I'm a little frustrated. I bet someone dropped it when I was gone. :| It's not even a year old yet, and this was over $600. There is no pinhole. I got it in August of last year, so the warranty is still there. I'm a hesitant to call Toshiba again because I heard they charge for it, so I hung up after they said something about a credit card. The charger definitely works, I'm sure of it. It works with my sister's computer (also a Toshiba with a similar adapter).
I'm hoping go to an authorized service center to get this dealt with (doesn't void my warranty either). I don't trust their Depot center, but I never thought about asking about a data transfer. Do they do that? Will they do that


----------



## PcPhoenix (Jan 18, 2015)

CamiKitti said:


> I'm a little frustrated.

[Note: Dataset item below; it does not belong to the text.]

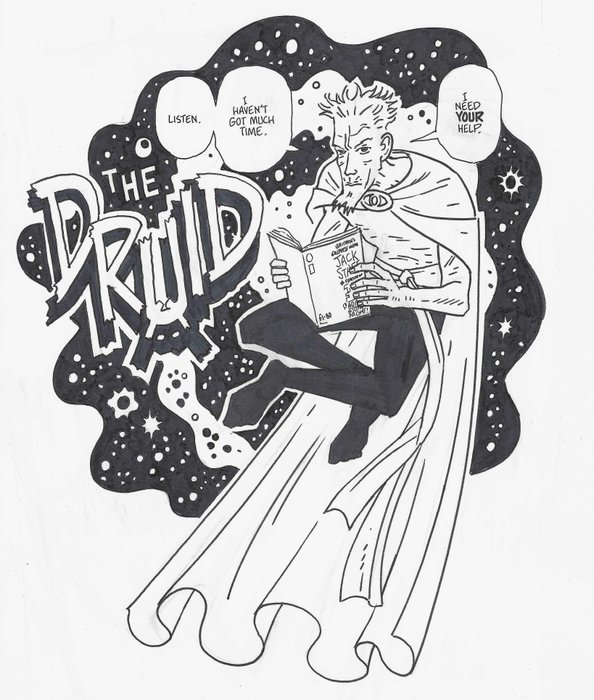 Grist, Paul - 1 Original drawing - Jack Staff - The Druid - 2001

I bet someone dropped it when I was gone. :| It's not even a year old yet, and this was over $600. There is no pinhole. I got it in August of last year, so the warranty is still there. I'm a hesitant to call Toshiba again because I heard they charge for it, so I hung up after they said something about a credit card. The charger definitely works, I'm sure of it. It works with my sister's computer (also a Toshiba with a similar adapter).
> I'm hoping go to an authorized service center to get this dealt with (doesn't void my warranty either). I don't trust their Depot center, but I never thought about asking about a data transfer. Do they do that? Will they do that


On a computer that does not turn on, the only way to get data off of it is to disassemble it and remove the hard drive physically. From that point, recovering the data is trivial. Buy a USB<->SATA adapter, and you'll be able to plug your removed drive into any computer like a flash drive, and just drag and drop the information you want off of there.

On most modern laptops, especially Ultrabooks, removing the hard drive involves disassembling the entire laptop, whereas in older computers you could just remove one or two screws and the hard drive would just slide out.

Dropping a laptop, unless it was dropped from a few feet onto concrete or something, usually will only damage the hard drive and the LCD screen, it will not stop the laptop from turning on. But anything is possible really. If the laptop was plugged in while it was dropped, the cord could have been pulled really hard and some leveraging action could have damaged the DC jack where you plug in your laptop. This could result in no power going in, or a short. Check, is your DC jack inside the laptop loose at all?

If your laptop really is under full warranty, you shouldn't have to pay anything to get it replaced. Call them and talk to them on the phone. Ask them why they need a card and shouldn't it be free.

At the moment this sounds like a perfect job for a warranty replacement. You bought an expensive laptop that's still under warranty, it randomly dies, you should be able to get a new one.


----------



## CamiKitti (Aug 29, 2011)

Yes, I remember reading about the USB<->SATA adapter. The warranty is apparently only for the Depot service. The laptop wasn't plugged in when I left it. The DC jack was not loose when I checked. I'll try calling and see what they say.

UPDATE: It was out-of-warranty products that would have to pay for a repair. Phew. As for data backup, they gave me the okay to remove my hard drive, so I'll have a local tech person do that for me. Thank goodness. I hope this gets resolved.

Thank you, PCPhoenix.


----------



## PcPhoenix (Jan 18, 2015)

No problem. Glad it's all being sorted out.

Take care!


----------



## CamiKitti (Aug 29, 2011)

Update: Got my hard drive backed up, and guess what? The tech guy told me it's booting up now. He thinks something became loose, which probably caused the no bootup (probably being dropped not on my watch). I already paid for the Toshiba shipping box, so I'll mail it to them just in case there's something else wrong.


----------



## CamiKitti (Aug 29, 2011)

Update 2: Now, it's saying "Restart to repair drive errors". Oh, great. I researched this before doing anything, and I'm a bit iffy about it.


----------